We approach a large building. “And here we have the indoor skating,” says Gudberg.

A couple of minutes ago, we passed two halls dedicated to badminton and ping pong. Here in the park, there’s also an athletics track, a geothermally heated swimming pool and – at last – some visible kids, excitedly playing football on an artificial pitch.

Young people aren’t hanging out in the park right now, Gudberg explains, because they’re in after-school classes in these facilities, or in clubs for music, dance or art. Or they might be on outings with their parents.

Today, Iceland tops the European table for the cleanest-living teens. The percentage of 15- and 16-year-olds who had been drunk in the previous month plummeted from 42 per cent in 1998 to 5 per cent in 2016. The percentage who have ever used cannabis is down from 17 per cent to 7 per cent.
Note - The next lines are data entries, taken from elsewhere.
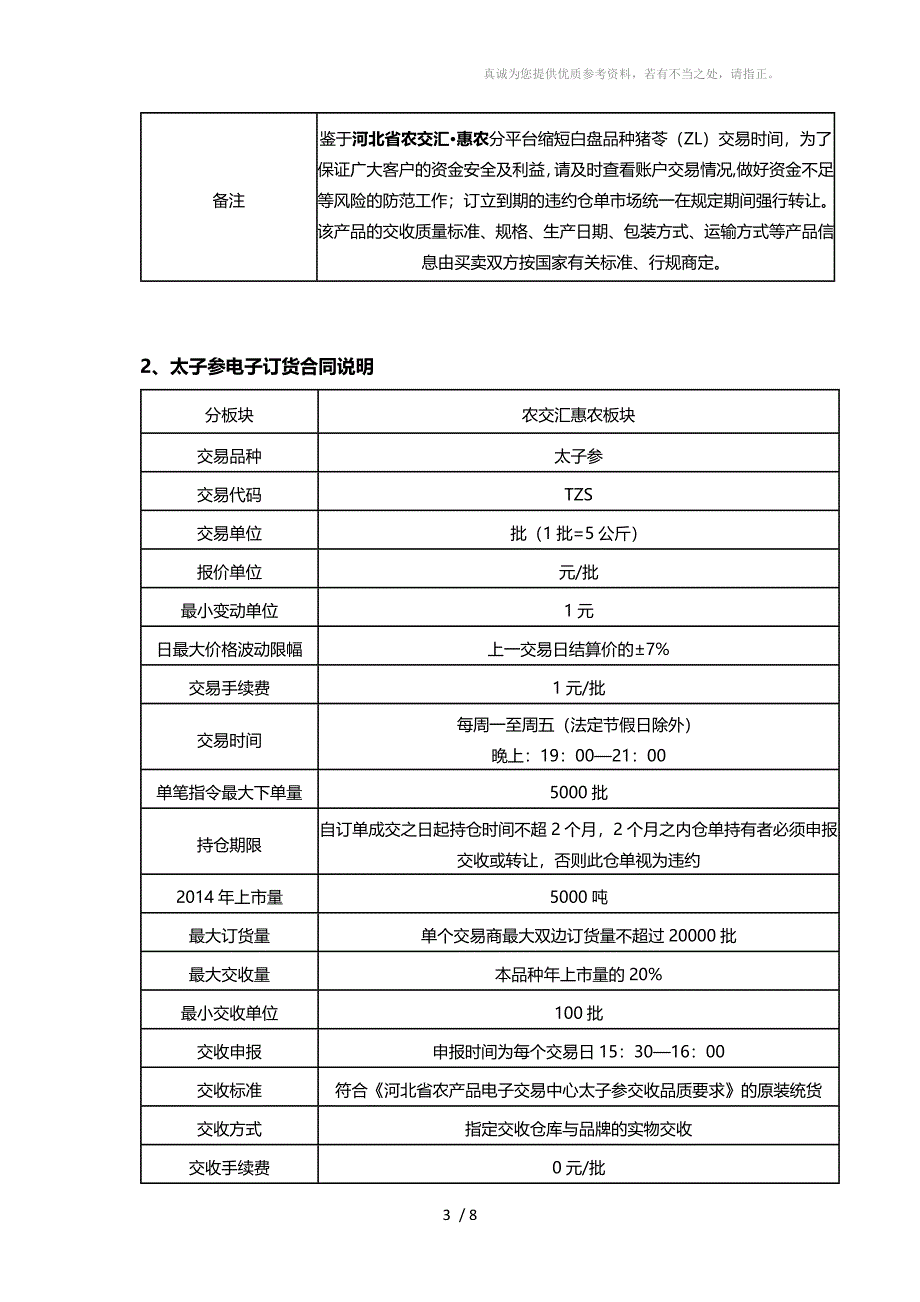 河北省农产品电子交易中心《产品交易合同》_第3页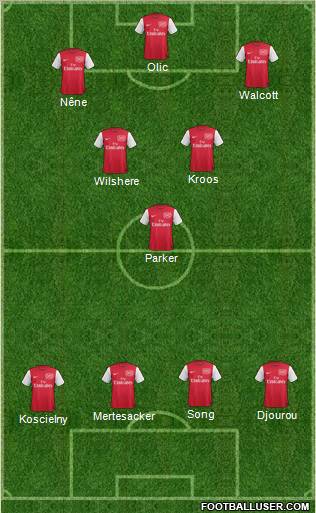 Arsenal Formation 2012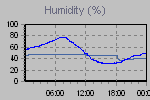 Humidity Graph Thumbnail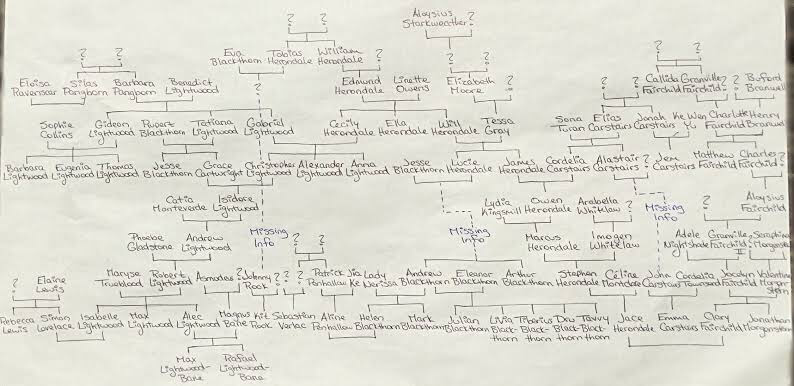 Shadowhunters Family Tree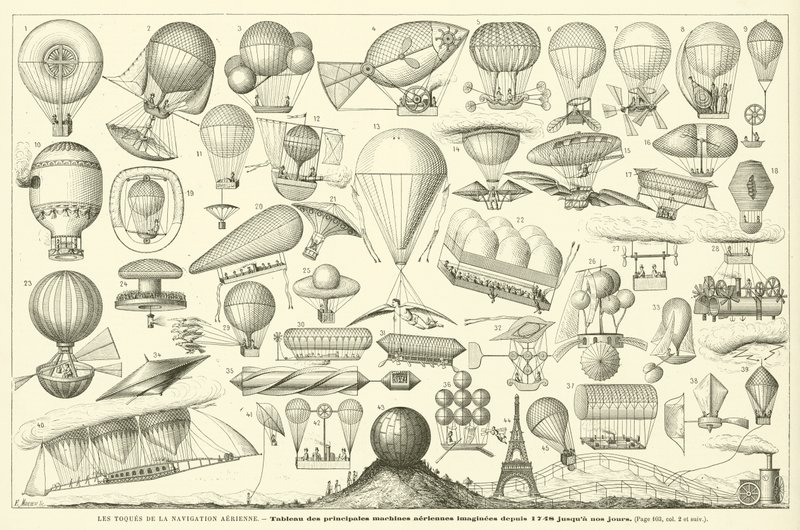 Les Toques De La Navigation Aerienne (نقش) بواسطة المدرسة الفرنسية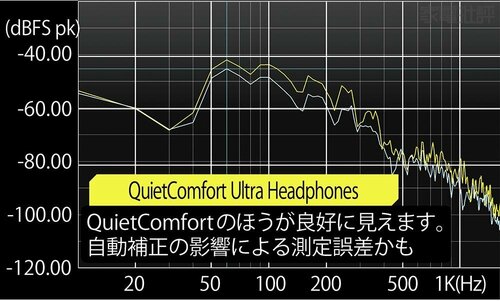 BOSE「QuietComfort Ultra Headphones」 BOSE QuietComfortおすすめ イメージ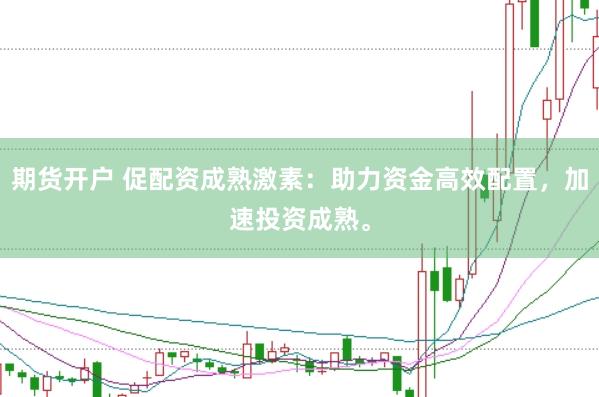 期货开户 促配资成熟激素：助力资金高效配置，加速投资成熟。
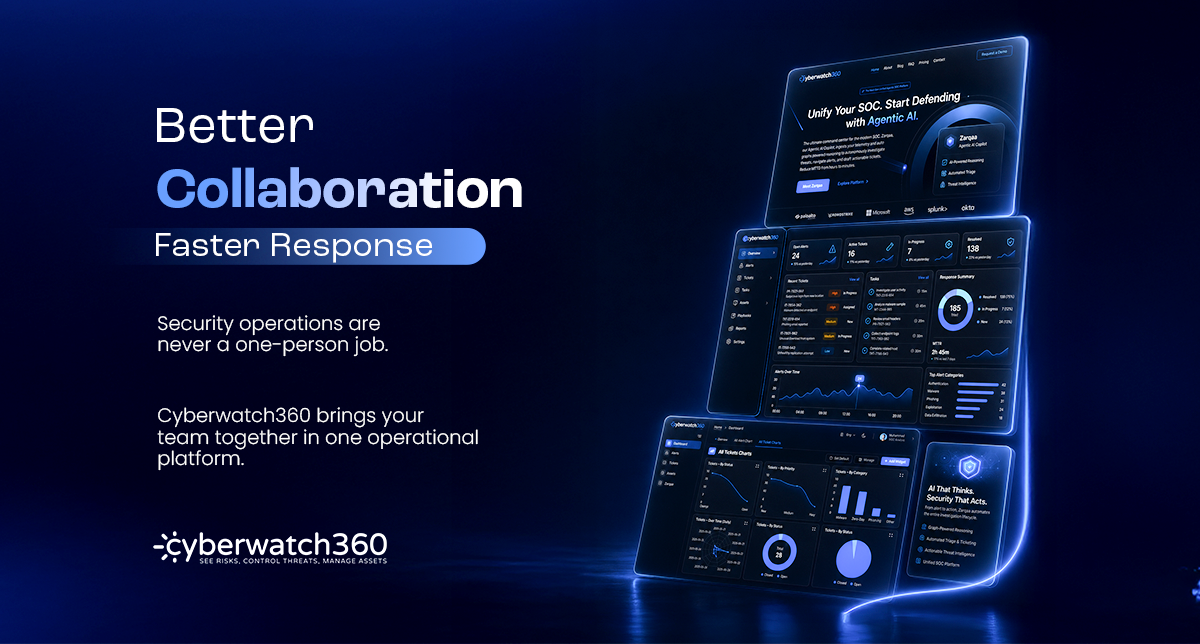 From Alerts to Action: How a Unified SOC Platform Helps Security Teams Work Smarter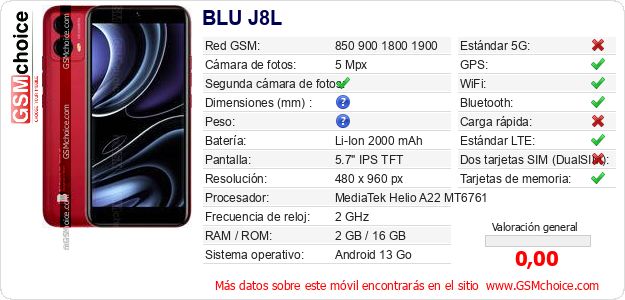 BLU J8L Datos técnicos del móvil BLU J8L Datos técnicos del móvil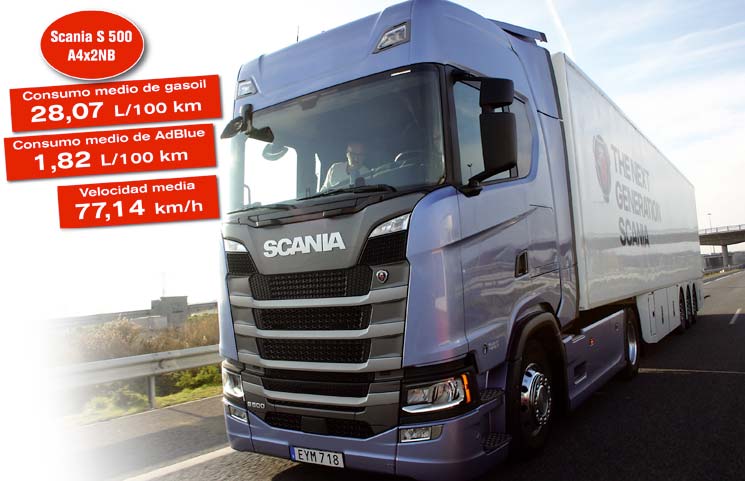scania s500 prueba 1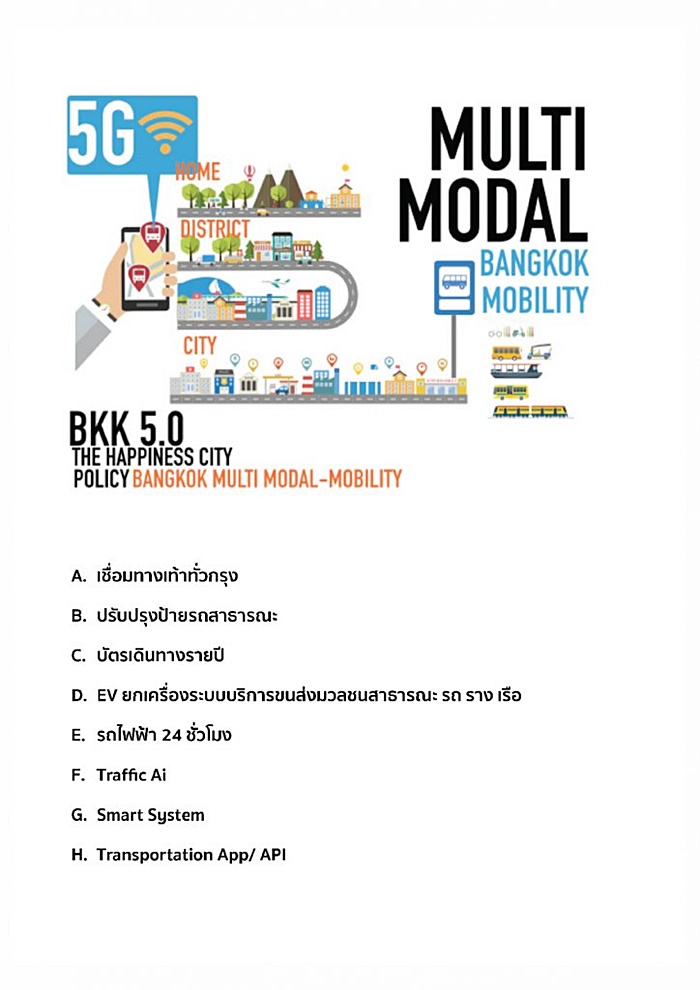นโยบาย พปชร. 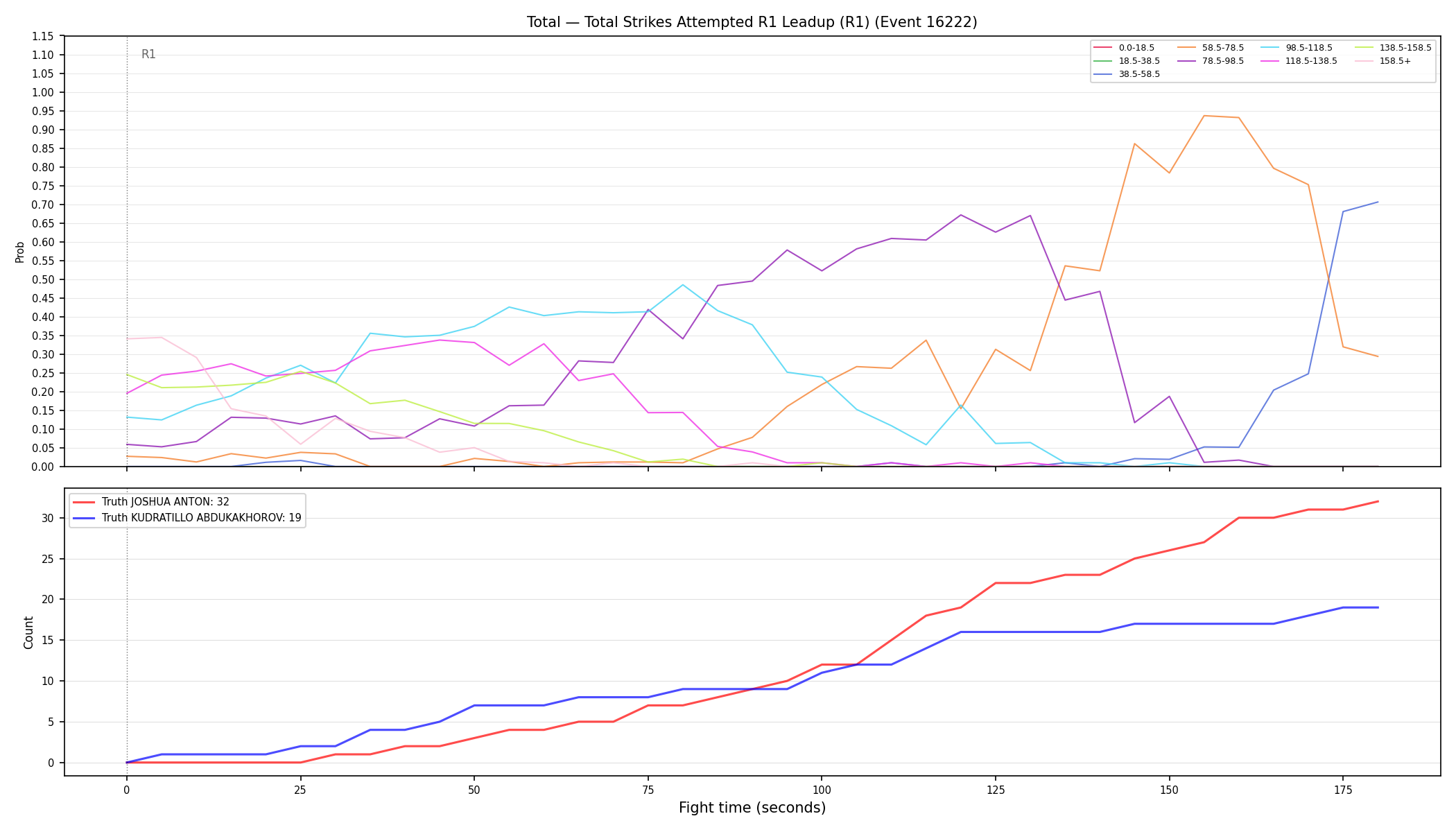 Stats/Round/Total Bins/Total Strikes Attempted/Round 01/16222 Round 01 Leadup — Dev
Those smoking cigarettes every day fell from 23 per cent to just 3 per cent.

© Dave Imms

The way the country has achieved this turnaround has been both radical and evidence-based, but it has relied a lot on what might be termed enforced common sense. “This is the most remarkably intense and profound study of stress in the lives of teenagers that I have ever seen,” says Milkman. “I’m just so impressed by how well it is working.”

If it was adopted in other countries, Milkman argues, the Icelandic model could benefit the general psychological and physical wellbeing of millions of kids, not to mention the coffers of healthcare agencies and broader society. It’s a big if.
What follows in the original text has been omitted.